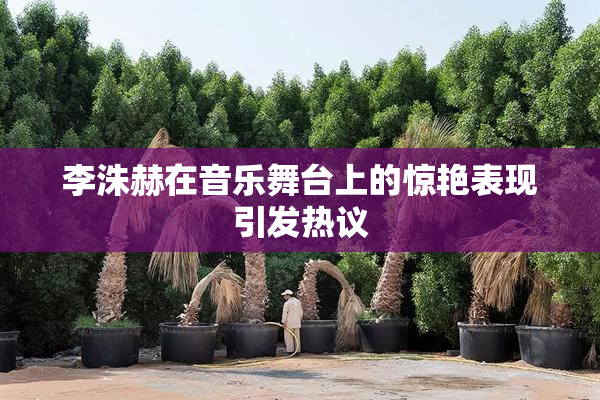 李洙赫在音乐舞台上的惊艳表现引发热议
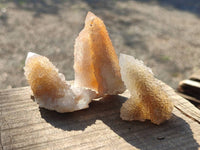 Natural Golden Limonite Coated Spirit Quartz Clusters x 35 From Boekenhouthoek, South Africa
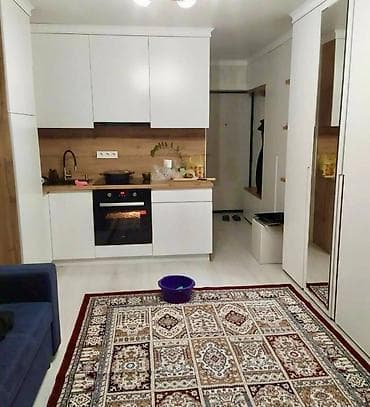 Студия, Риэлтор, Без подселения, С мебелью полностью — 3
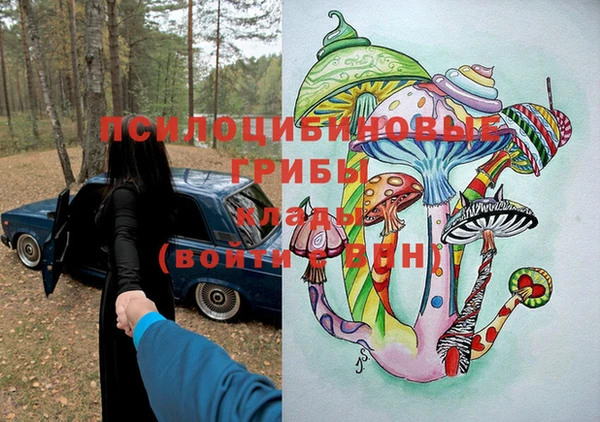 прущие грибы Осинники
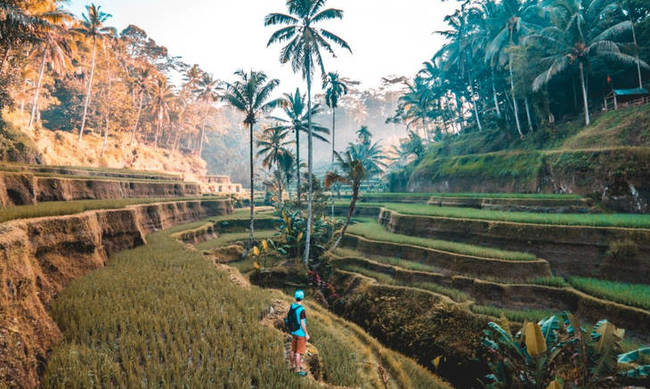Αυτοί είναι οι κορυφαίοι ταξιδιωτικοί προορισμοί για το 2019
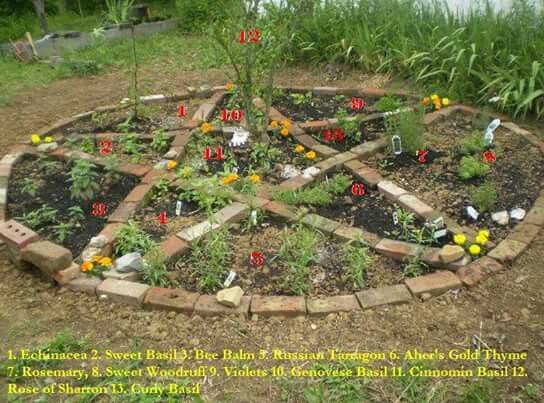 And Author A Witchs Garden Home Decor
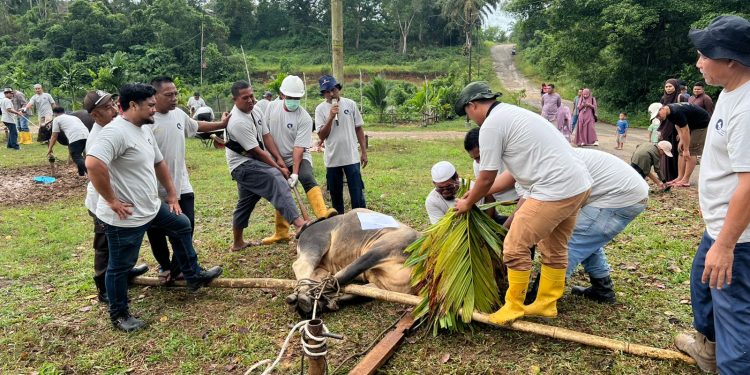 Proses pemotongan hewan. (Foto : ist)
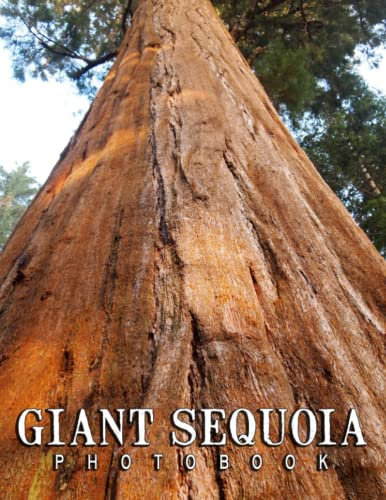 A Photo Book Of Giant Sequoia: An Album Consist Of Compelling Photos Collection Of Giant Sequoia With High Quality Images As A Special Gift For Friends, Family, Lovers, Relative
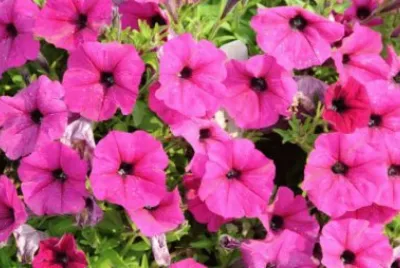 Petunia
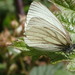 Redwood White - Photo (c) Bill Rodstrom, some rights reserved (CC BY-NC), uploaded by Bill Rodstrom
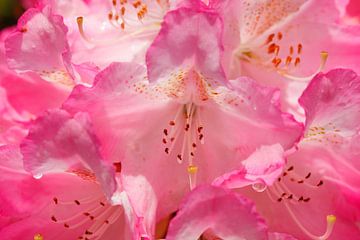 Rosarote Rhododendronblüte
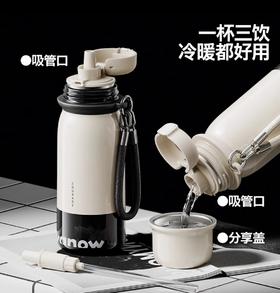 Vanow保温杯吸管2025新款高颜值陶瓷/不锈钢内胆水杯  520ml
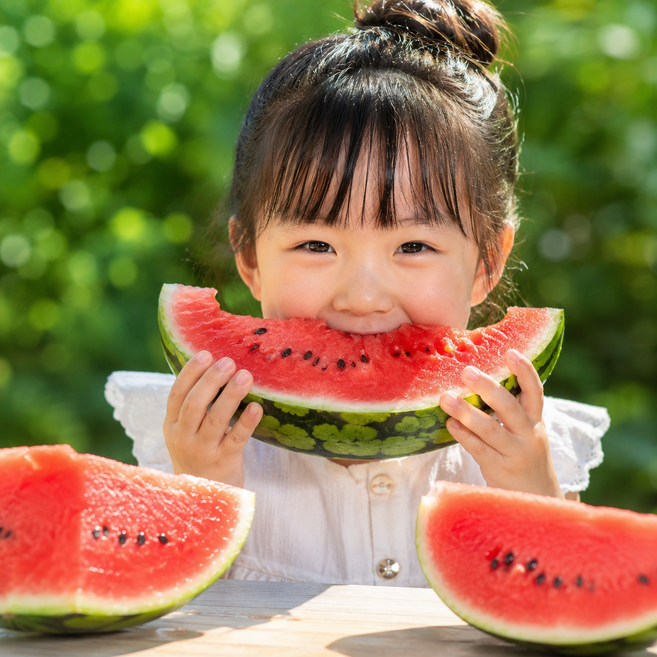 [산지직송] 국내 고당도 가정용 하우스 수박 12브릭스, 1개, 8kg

● Problem statement:
Transcribe the lines that run from the line bearing "Redwood White - Photo" through the last line of the data. Keep the wording exact and leave out every picture.

● Written response:
 Redwood White - Photo (c) Bill Rodstrom, some rights reserved (CC BY-NC), uploaded by Bill Rodstrom
 Rosarote Rhododendronblüte
 Vanow保温杯吸管2025新款高颜值陶瓷/不锈钢内胆水杯  520ml
 [산지직송] 국내 고당도 가정용 하우스 수박 12브릭스, 1개, 8kg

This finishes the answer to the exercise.